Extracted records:
——————————
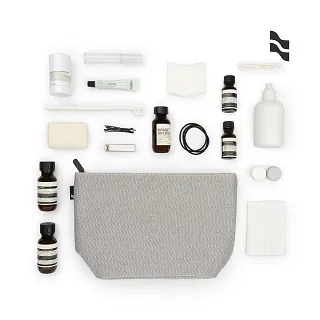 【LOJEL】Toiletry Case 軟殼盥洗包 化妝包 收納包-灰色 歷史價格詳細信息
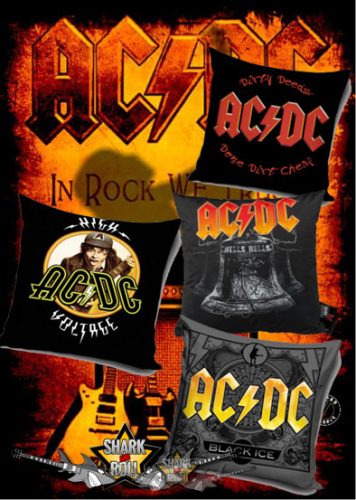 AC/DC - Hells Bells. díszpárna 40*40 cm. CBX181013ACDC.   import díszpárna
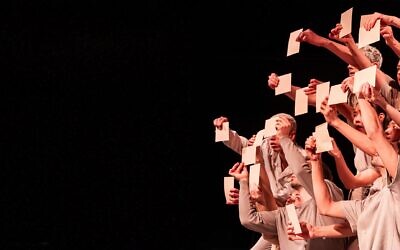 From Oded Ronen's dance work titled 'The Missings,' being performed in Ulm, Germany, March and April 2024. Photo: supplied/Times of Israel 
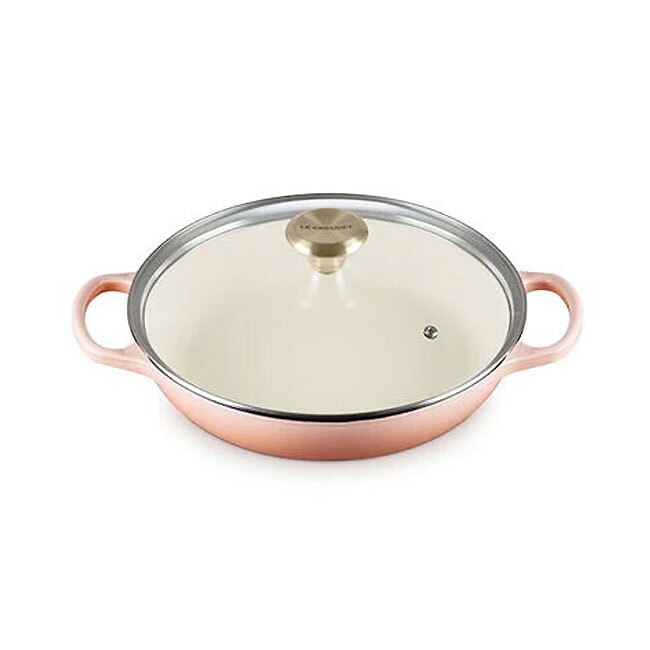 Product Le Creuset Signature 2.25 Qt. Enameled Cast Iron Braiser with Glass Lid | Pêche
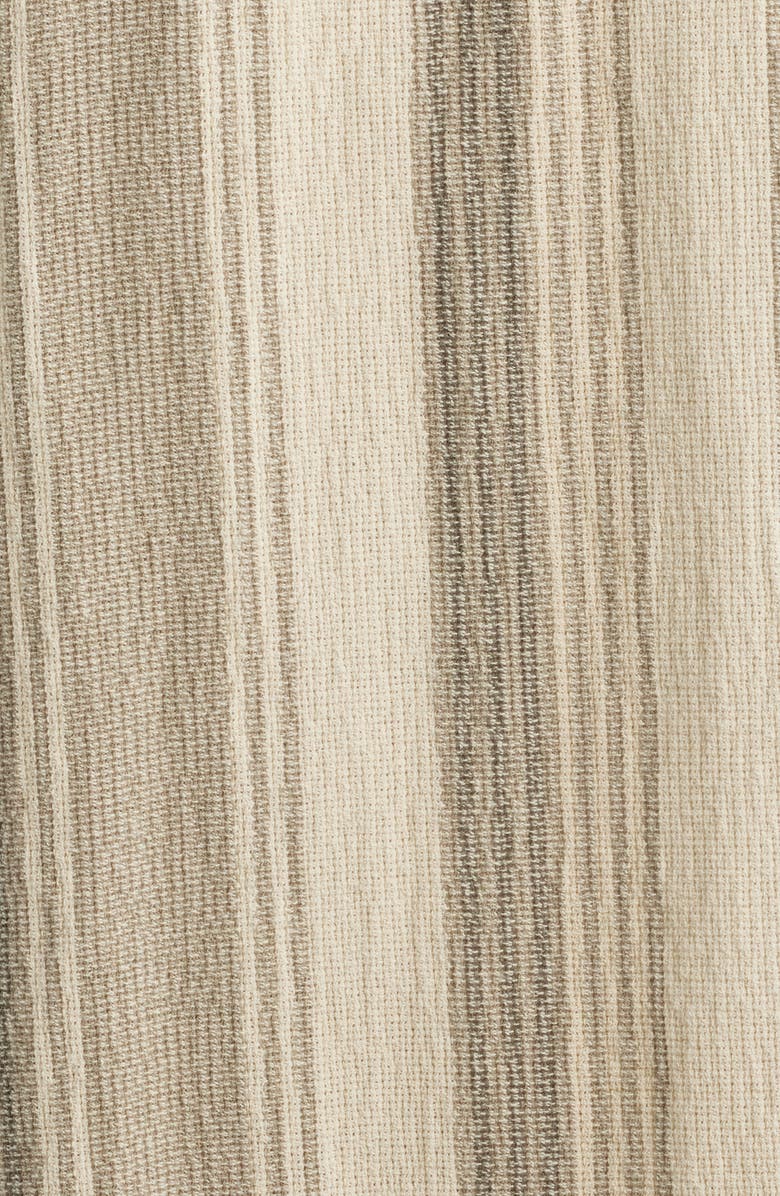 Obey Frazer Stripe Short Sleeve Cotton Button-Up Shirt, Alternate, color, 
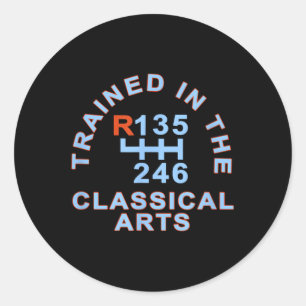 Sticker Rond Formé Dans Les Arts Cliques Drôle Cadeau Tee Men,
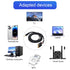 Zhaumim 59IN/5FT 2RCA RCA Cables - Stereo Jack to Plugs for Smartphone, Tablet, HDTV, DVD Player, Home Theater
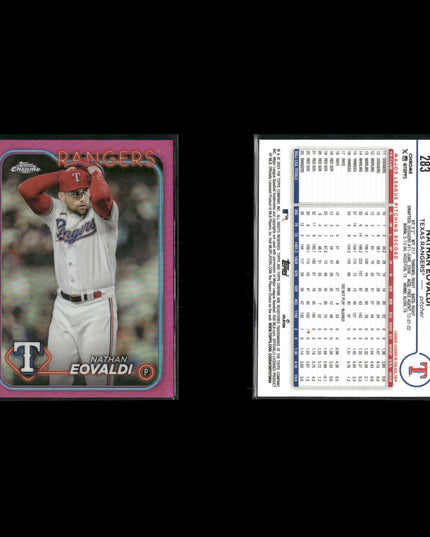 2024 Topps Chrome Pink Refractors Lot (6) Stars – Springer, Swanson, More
——————————
What the task requires: Copy exactly the lines from the line that has "Obey Frazer Stripe" through the last line of the entries above, inclusive, and no others. Pictures do not go in the copy.

Answer area:
 Obey Frazer Stripe Short Sleeve Cotton Button-Up Shirt, Alternate, color, 
 Sticker Rond Formé Dans Les Arts Cliques Drôle Cadeau Tee Men,
 Zhaumim 59IN/5FT 2RCA RCA Cables - Stereo Jack to Plugs for Smartphone, Tablet, HDTV, DVD Player, Home Theater
 2024 Topps Chrome Pink Refractors Lot (6) Stars – Springer, Swanson, More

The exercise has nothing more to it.